Provided our state and nation move forward to smarten the grid and develop reliable, sustainable, non-polluting energy, this plant will soon be an artifact of bad planning. That spells ratepayer boondoggle. Whether sited at the beach or in an invisible remote canyon it’s bad for everyone, including those who would build it.
To those who say, “Look at the jobs that will be lost if we don’t build this plant.” Opponents respond, “E-x-a-c-t-l-y! We agree. Jobs are important here. That’s also why we oppose the NRG plant: economists indicate that a renewable power facility would generate more than twice as many jobs, both construction and permanent. In a time when jobs are precious, that’s not a trivial concern.

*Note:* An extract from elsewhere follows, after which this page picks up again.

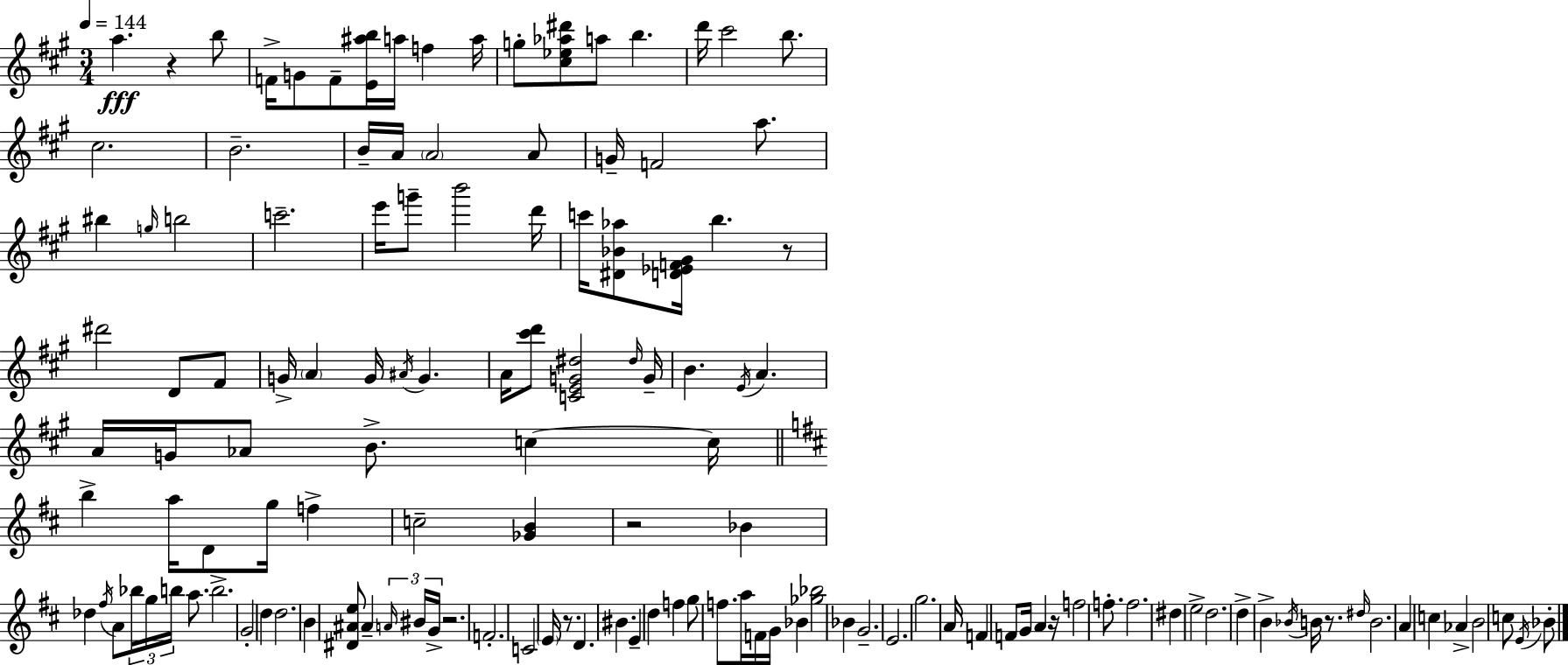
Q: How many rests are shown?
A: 7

This is more than just a local issue. It’s an international issue crucial to the survival of our species. As Nobu Tanaka, Executive Director of the International Energy Agency (IEA), stated recently at the November 2008 London World Energy Outlook, “Current trends in energy supply and consumption are patently unsustainable — environmentally, economically, and socially. They can and must be altered.”
The gas fired NRG power plant proposed for Carlsbad is a wrong-headed continuation of the unsustainable legacy power infrastructure and must be stopped. From 2009 forward, we should only allow clean, renewable power generation to be built. Anything else is a nail in each of our children’s coffins.

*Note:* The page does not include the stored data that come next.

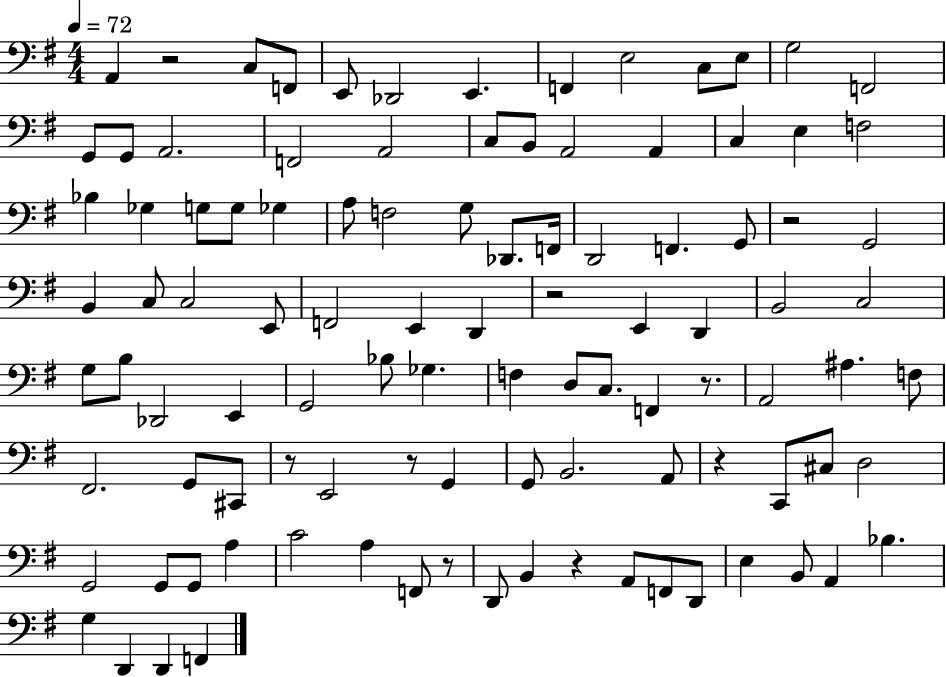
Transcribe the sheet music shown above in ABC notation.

X:1
T:Untitled
M:4/4
L:1/4
K:G
A,, z2 C,/2 F,,/2 E,,/2 _D,,2 E,, F,, E,2 C,/2 E,/2 G,2 F,,2 G,,/2 G,,/2 A,,2 F,,2 A,,2 C,/2 B,,/2 A,,2 A,, C, E, F,2 _B, _G, G,/2 G,/2 _G, A,/2 F,2 G,/2 _D,,/2 F,,/4 D,,2 F,, G,,/2 z2 G,,2 B,, C,/2 C,2 E,,/2 F,,2 E,, D,, z2 E,, D,, B,,2 C,2 G,/2 B,/2 _D,,2 E,, G,,2 _B,/2 _G, F, D,/2 C,/2 F,, z/2 A,,2 ^A, F,/2 ^F,,2 G,,/2 ^C,,/2 z/2 E,,2 z/2 G,, G,,/2 B,,2 A,,/2 z C,,/2 ^C,/2 D,2 G,,2 G,,/2 G,,/2 A, C2 A, F,,/2 z/2 D,,/2 B,, z A,,/2 F,,/2 D,,/2 E, B,,/2 A,, _B, G, D,, D,, F,,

This isn’t a Roadrunner Cartoon. There won’t be a moment of recognition, mid-air, when we can claw our way back to the cliff. In the real world, the gray economy is like this: we’re all in the same gray vehicle, in a fog, hurtling towards a cliff. Most of us know the cliff is there, and we also know that we need to apply the brakes, so why can’t we agree that now is the time to stop and not merely change, but… find direction?
Inaugural Post Script

The Time Is NOW!
Now that we’ve stepped into a new era of imagination, it’s time for the possible to be given its due. In that world, there’s at least one more step that can be contemplated, one that would take us beyond the goal of sustainability. And that is restoration.
Imagining a future where sustainability becomes the norm, then and there (but also here and now) the project of restoration becomes ever more pertinent, plausible and even possible. Because it is necessary.

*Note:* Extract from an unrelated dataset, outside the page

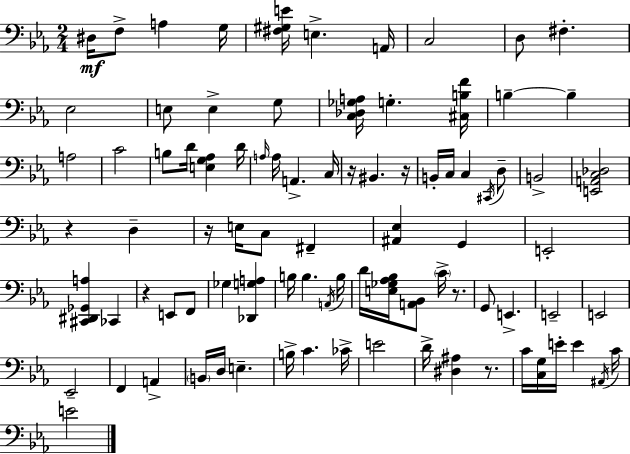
D#3/s F3/e A3/q G3/s [F#3,G#3,E4]/s E3/q. A2/s C3/h D3/e F#3/q. Eb3/h E3/e E3/q G3/e [C3,Db3,Gb3,A3]/s G3/q. [C#3,B3,F4]/s B3/q B3/q A3/h C4/h B3/e D4/s [E3,G3,Ab3]/q D4/s A3/s A3/s A2/q. C3/s R/s BIS2/q. R/s B2/s C3/s C3/q C#2/s D3/e B2/h [E2,A2,C3,Db3]/h R/q D3/q R/s E3/s C3/e F#2/q [A#2,Eb3]/q G2/q E2/h [C#2,D#2,Gb2,A3]/q CES2/q R/q E2/e F2/e Gb3/q [Db2,G3,A3]/q B3/s B3/q. A2/s B3/s D4/s [E3,Gb3,Ab3,Bb3]/s [A2,Bb2]/e C4/s R/e. G2/e E2/q. E2/h E2/h Eb2/h F2/q A2/q B2/s D3/s E3/q. B3/s C4/q. CES4/s E4/h D4/s [D#3,A#3]/q R/e. C4/s [C3,G3]/s E4/s E4/q A#2/s C4/s E4/h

Imagine a time when mankind, in a global action, begins to carefully, meticulously, lovingly restore the lands, the forests, the waters and seas to their aboriginal, vibrant, life-supporting thriving beauty. Brown fields burst into vegetable gardens. Crumbling corals, no longer choked in agricultural effluent, begin to re-grow, teeming with fish and invertebrates. Strip mines start to slowly heal as incipient forests sprout from those wounds. Imagine when the air blown west across the Pacific is no longer laden with toxic pollution that comes tandem with mountains of consumer “goods” that no one really needs, which – disposed too soon — have too short a useful life when measured against their true and total cost.
Imagine a future where man has learned to begin living in sustainable harmony with each other and with the planet, and we then turn our attention to healing our own pasts and to restoring our planet, which we sometimes used to call, “god’s green earth.”